The CIA launched its R&D lab in 2020 to address new challenges and improve existing solutions using technologies such as artificial intelligence, data analytics, machine learning, distributed ledger/blockchain, and virtual and augmented reality. But if you’re disappointed that the CIA is using its resources for things like Bitcoin and VR, historian John Lisle’s book, The Dirty Tricks Department, offers an intriguing look at the effort by the CIA’s predecessor agency, the World War II-era Office of Strategic Services, to develop unconventional weapons to aid America’s spies in the underground battle against the Axis powers.

During democratic process, the agency received hundreds of thousands of submissions from the public with suggestions such as “death ray” and flying cars, but one idea that stood out most received the backing of President Roosevelt: strapping napalm-filled incendiaries on bats and unleashing the winged creatures on Imperial Japan. However, the experiment was unsuccessful after most of the bats fell to their deaths, and the handful of bats that survived only managed to burn down an Army barracks and control tower.

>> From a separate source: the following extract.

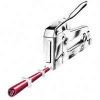 Picture of Insulated Wire Cable Tacker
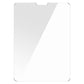 Baseus hærdet glas 0,3 mm til iPad Pro 12,9"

The agency, however, had success in other unconventional weapons that included a silenced .22 pistol, umbrella guns, poison pills, single-shot pistols, and explosive cookie dough. Lovell, the R&D chief, also developed Firefly explosives, which detonated after being placed in a vehicle’s gas tank, and train explosives, which almost doubled the Allies’ success rate in derailing German locomotives.

The OSS also developed cloaking mechanisms such as disguises, forged documents, and counterfeit cash, which helped more than 300 agents slip into the enemy territory for covert missions. Some agents went to great lengths to remain undetected, even undergoing plastic surgery to avoid detection by the enemy. These measures gave the Allies a clandestine advantage over the careless Nazis.

The OSS tested marijuana’s effectiveness as a truth drug to improve the success of interrogations. Lovell, meanwhile, developed biological weapons at Maryland’s Camp Detrick and lobbied the U.S. military to deploy chemical weapons in Iwo Jima. However, the use of chemical and biological weapons became moot with the development of the atomic bomb. Lytle Adams, the dentist who came up with the bat bomb idea, learned about the Manhattan Project while discussing his idea with a general who confused the two secret projects conducting tests in New Mexico.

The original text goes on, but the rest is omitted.